Somut uyuşmazlıkta her iki tarafın tacir olması nedeni ile dava nispi ticari dava niteliğinde ve itirazın iptali davasının da mahiyeti itibariyle alacağın ödenmesi talebine yönelik olması sebebiyle dava tarihi itibariyle yürürlükte olan TTK’ya eklenen 5/A maddesi uyarınca dava açılmadan önce arabulucuya başvurulmasına dair dava şartına tabidir. HMK’nın 115/2. maddesinde tamamlanabilir dava şartı eksikliğinin giderilmesi için davacı tarafa süre verilebileceği belirtilmiş ise de 6352 sayılı Hukuk Uyuşmazlıklarında Arabuluculuk Kanununun 18/A-2. maddesinde arabulucuya başvurulmadan dava açıldığının anlaşılması halinde herhangi bir işlem yapılmaksızın davanın dava şartı yokluğundan usulden reddedileceği açıkca belirtildiğinden anılan dava şartı eksikliğinin tamamlanabilir dava şartı eksikliği olarak nitelendirilmesi mümkün değildir. Zira arabuluculuk, tarafların mahkeme yoluna başvurmadan uyuşmazlıkları bir araya gelerek çözmeleri, bu şekilde daha hızlı ve barışcıl yöntemlerle sonuca ulaşmaları ile mahkemelerin iş yükünün azaltılması amacıyla getirilmiş bir alternatif çözüm yoludur.

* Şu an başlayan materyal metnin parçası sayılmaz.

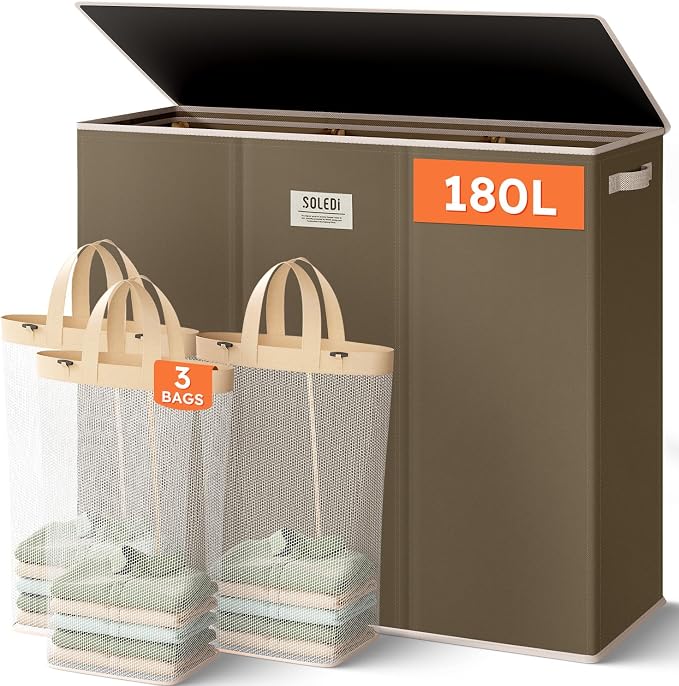 SOLEDI 180L 3-Section Laundry Hamper by SOLEDI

Buna göre kesinleşen görevsizlik kararı sonrası yasal süre içerisinde talep üzerine görevli mahkemede yargılamaya devam edilmesi aynı davanın devamı niteliğinde olduğu gözetildiğinde, zorunlu arabuluculuk dava şartının yerine getirilmediği kabul edilerek davanın usulden reddine karar verilmesinde bir isabetsizlik görülmediğinden, davacı vekilinin istinaf itirazları yerinde değildir.

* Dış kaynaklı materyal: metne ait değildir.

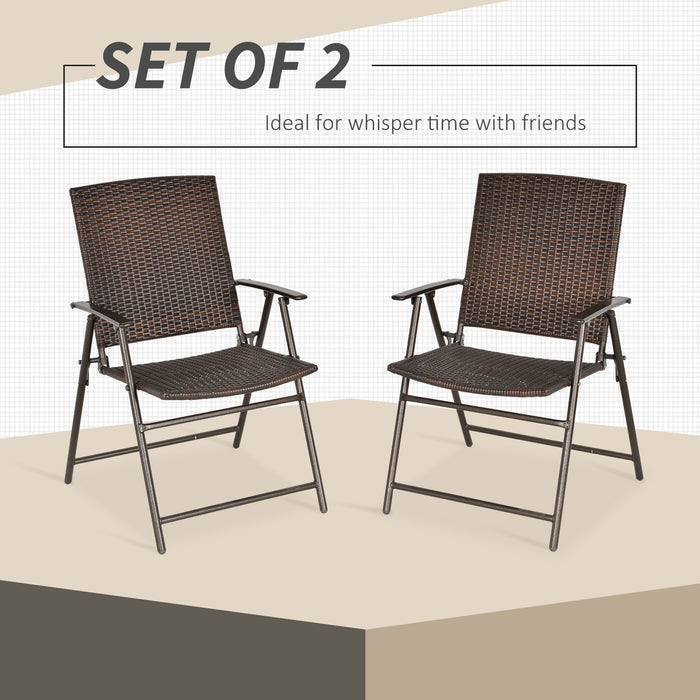 Folding Rattan Bistro Garden Chairs – Set of 2 with Armrests and Durable Steel Frame – Outdoor Seating Solution for Patio and Yard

Bu durumda, istinaf kanun yoluna başvuranın dilekçesinde yer verdiği itirazların açıklanan gerekçe ışığında yerinde olmamasına, kararda kamu düzenine ilişkin bir aykırılık bulunmamasına, kararının usul ve esas yönünden hukuka uygun olmasına göre Hukuk Muhakemeleri Kanunu’nun 353/1-b-1 maddesi gereğince istinaf başvurusunun esastan reddine karar verilmesi gerekmiştir.
HÜKÜM: Yukarıda gerekçesi açıklanan nedenlerle;
1-İnceleme konusu kararının usul ve yasaya uygun olduğu anlaşıldığından davacı tarafın istinaf başvurusunun HMK’nın 353/1-b-1 maddesi gereğince ESASTAN REDDİNE,
2-Alınması gereken istinaf karar harcı alındığından, yeniden harç alınmasına yer olmadığına,
Dosya üzerinde yapılan inceleme sonunda KESİN olarak oy birliği ile karar verildi. 24/09/2021
… … … …
Başkan Üye Üye Katip
… … … …
¸e-imzalı ¸e-imzalı ¸e-imzalı ¸e-imzalı

İşbu karar 24/09/2021 tarihinde yazılmış olup, 5070 sayılı kanun hükümlerine göre uygun olarak güvenli elektronik imza ile imzalanmıştır.